═══ Supplied records ═══

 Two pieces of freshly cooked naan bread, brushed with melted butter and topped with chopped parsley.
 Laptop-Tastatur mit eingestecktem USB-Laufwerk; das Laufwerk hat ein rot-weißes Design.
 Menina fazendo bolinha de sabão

═══
═══ Supplied records ═══

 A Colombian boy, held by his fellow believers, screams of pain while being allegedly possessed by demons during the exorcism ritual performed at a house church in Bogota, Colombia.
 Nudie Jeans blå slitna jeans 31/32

═══
═══ Supplied records ═══

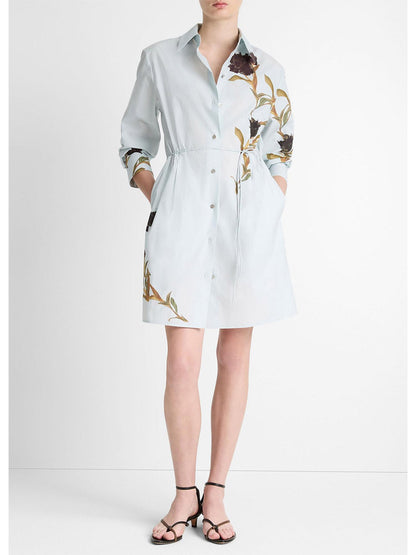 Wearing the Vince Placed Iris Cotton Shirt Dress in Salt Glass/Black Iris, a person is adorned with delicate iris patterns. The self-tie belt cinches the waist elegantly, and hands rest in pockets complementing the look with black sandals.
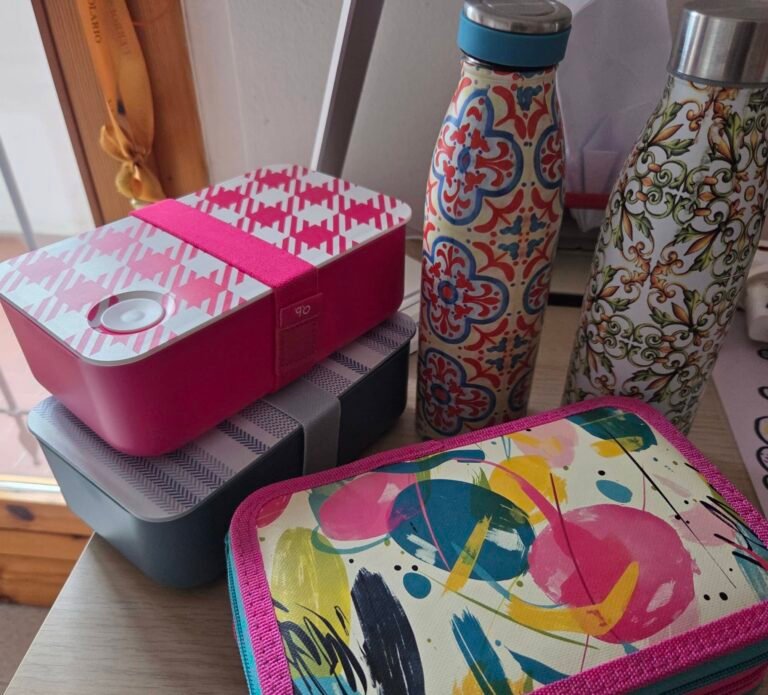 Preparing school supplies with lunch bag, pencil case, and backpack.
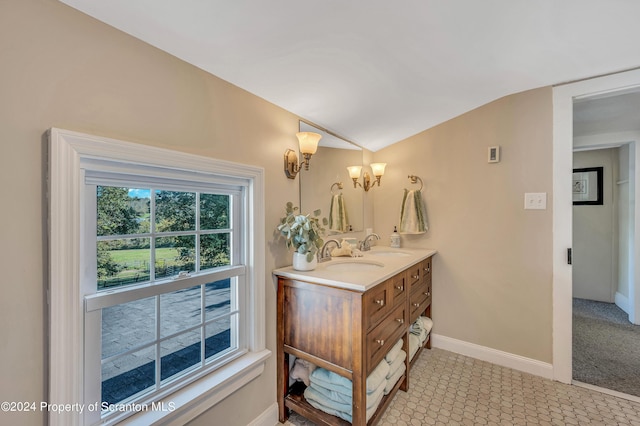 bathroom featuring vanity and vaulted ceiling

═══

Write out exactly the lines that fall from the line with "Two pieces of" to the line with "Menina fazendo bolinha de sabão" in the records above, keeping both ends.

 Two pieces of freshly cooked naan bread, brushed with melted butter and topped with chopped parsley.
 Laptop-Tastatur mit eingestecktem USB-Laufwerk; das Laufwerk hat ein rot-weißes Design.
 Menina fazendo bolinha de sabão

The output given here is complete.